[THE DATA]
☆ ☆ ☆ ☆ ☆ ☆ ☆
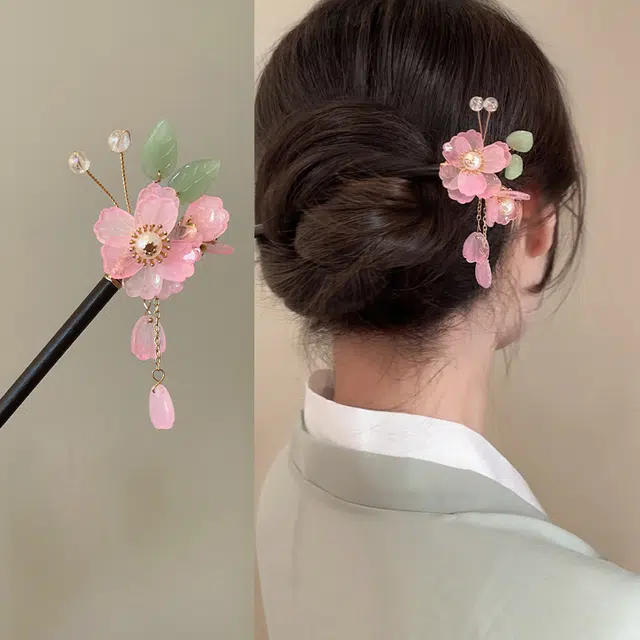 贯古今 旗袍新中式古风花朵流苏高级感简约现代汉服步摇 木制 发簪 女款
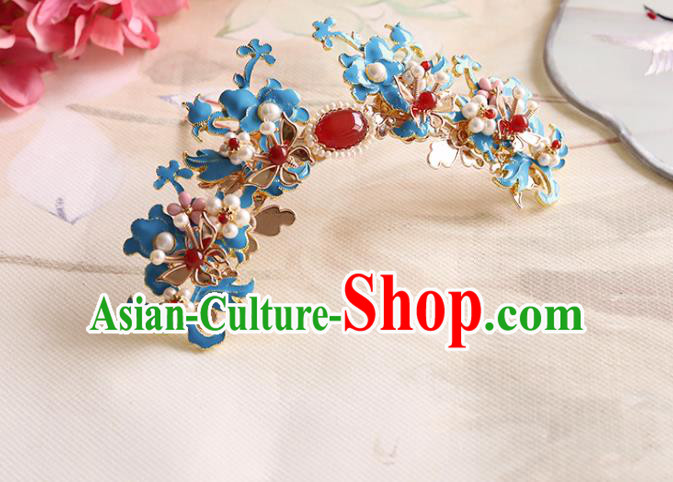 Chinese Classical Court Queen Blueing Hair Crown Handmade Hanfu Hair Accessories Ancient Ming Dynasty Empress Agate Pearls Hairpins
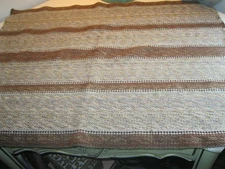 Rag Rug Woven Natural Earth Tone Primitive Farmhouse VINTAGE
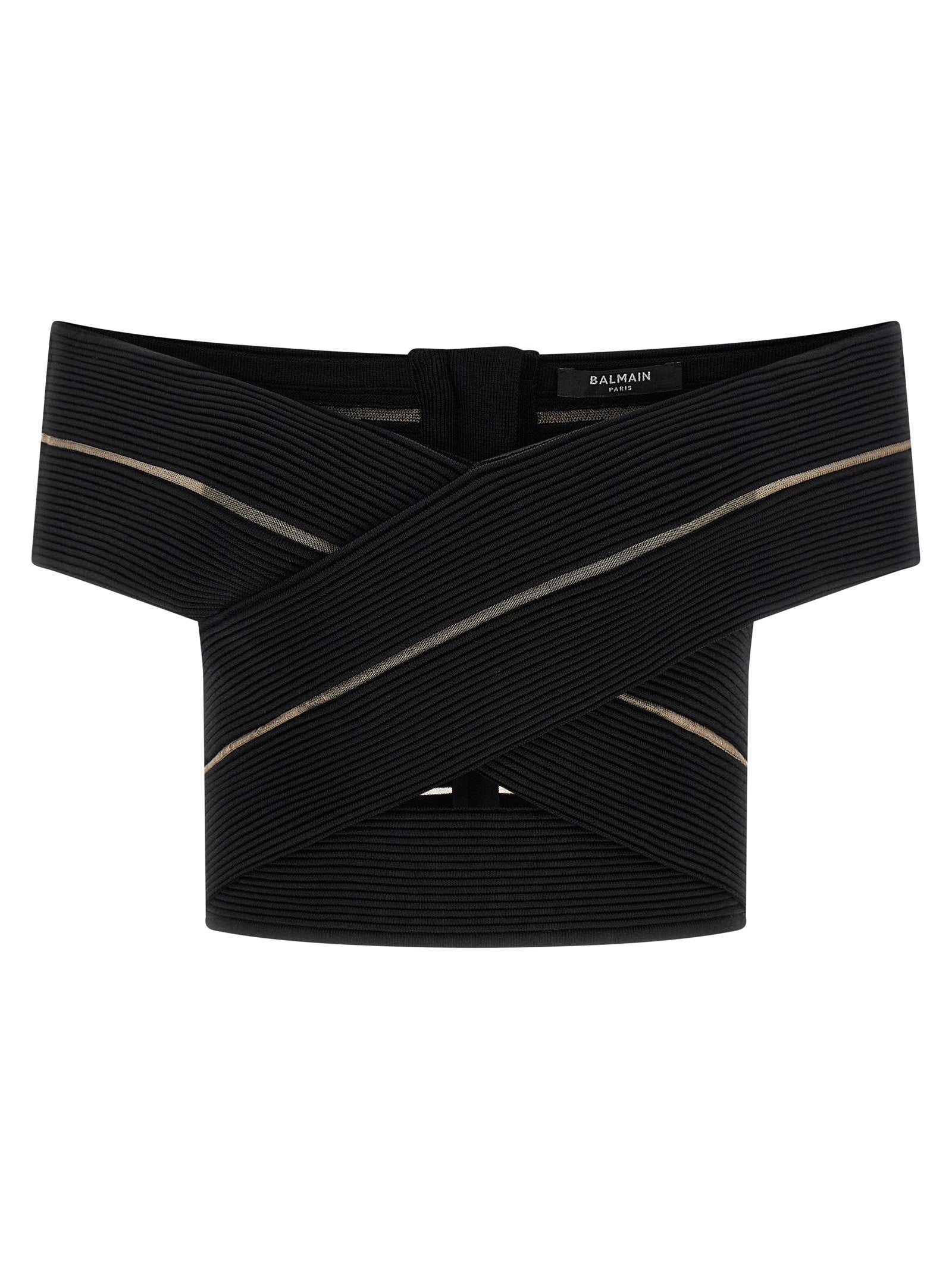 Balmain Off-the-shoulder Crop Top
☆ ☆ ☆ ☆ ☆ ☆ ☆
[TASK GOAL] With the pictures left out, return all the material above exactly.

[RESULT OF THE TASK]
 贯古今 旗袍新中式古风花朵流苏高级感简约现代汉服步摇 木制 发簪 女款
 Chinese Classical Court Queen Blueing Hair Crown Handmade Hanfu Hair Accessories Ancient Ming Dynasty Empress Agate Pearls Hairpins
 Rag Rug Woven Natural Earth Tone Primitive Farmhouse VINTAGE
 Balmain Off-the-shoulder Crop Top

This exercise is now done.